Gluten-free products have become a very serious topic though and in an effort to protect gluten-free consumers from false labeling and advertising, the US Department of the Treasury’s Alcohol and Tobacco Tax & Trade Bureau (TTB) issued TTB Ruling 2012-21 on May 24, 2012. This ruling establishes clear guidelines for the regulation of the labeling and advertising of distilled spirits, wine, and malt beverages. It reads, in part, as follows:
The new TTB ruling reads:
- “The TTB will allow use of the statement ‘processed or treated or crafted to remove gluten’, together with a qualifying statement to inform consumers that the product was made from a grain that contains gluten.”
- “The statement must stipulate that ‘there is currently no valid test to verify the gluten content of the fermented product’, and ‘That the finished product may contain gluten’.”

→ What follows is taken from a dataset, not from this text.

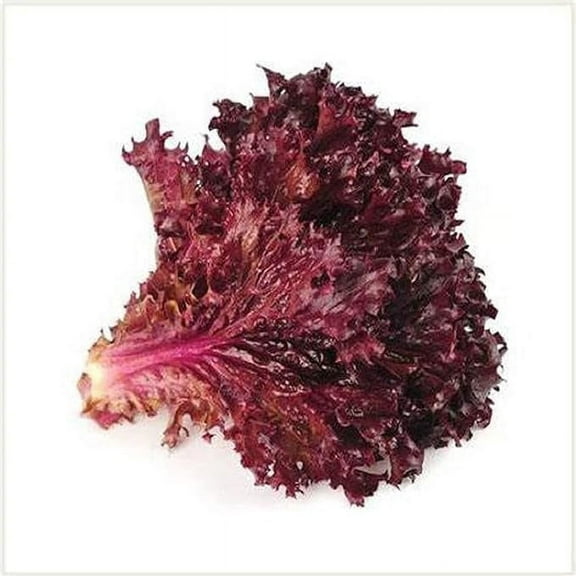 Lettuce Seed, Red Leaf Lettuce, Lolla Rosa, Heirloom, Non GMO 200 Seeds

- “The TTB believes that the qualifying statement is necessary to avoid misleading consumers about the gluten content of these products because of the serious health consequences associated with the consumption of gluten by individuals with celiac disease.”
- The term “gluten-free” is considered misleading when used in the labeling and advertising of alcohol beverages to describe an alcohol beverage product that is made with any amount of wheat, barley, rye, or a crossbred hybrid of these grains, or any ingredient derived from these grains.
THE TASTE TEST
All of that means nothing though if the beer is of “pour” [sic] taste and consistency. So allow us to give you a crash course on what we consider to be the top 3 gluten-free brews (and perhaps easiest to purchase) and let your taste buds choose for you!
Glutenberg American Pale Ale. Brewed in Quebec and distributed all over the United States this 100% gluten free beer contains citrus and caramel notes with a mild bitter finish. Available in bottle and can although the can will certainly give you that whole “crunchy granola, hipster without the PBR tall boy” vibe.
Dogfish Head Craft Brewed Ales Tweason’ale. Made with the same quality that Dogfish Head has become known for this experimental brew in action (so says the company themselves) Tweason’ale uses sorghum syrup instead of barley. Flavored with strawberries and buckwheat honey, it is sweet and sour but doesn’t leave any aftertaste.
New Planet Pale Ale(s). Based in Colorado, New Planet makes authentic, gluten-free beers that use sorghum and come in a variety of flavors/styles including: raspberry ale, pale ale, and a light ale called ‘tread lightly’.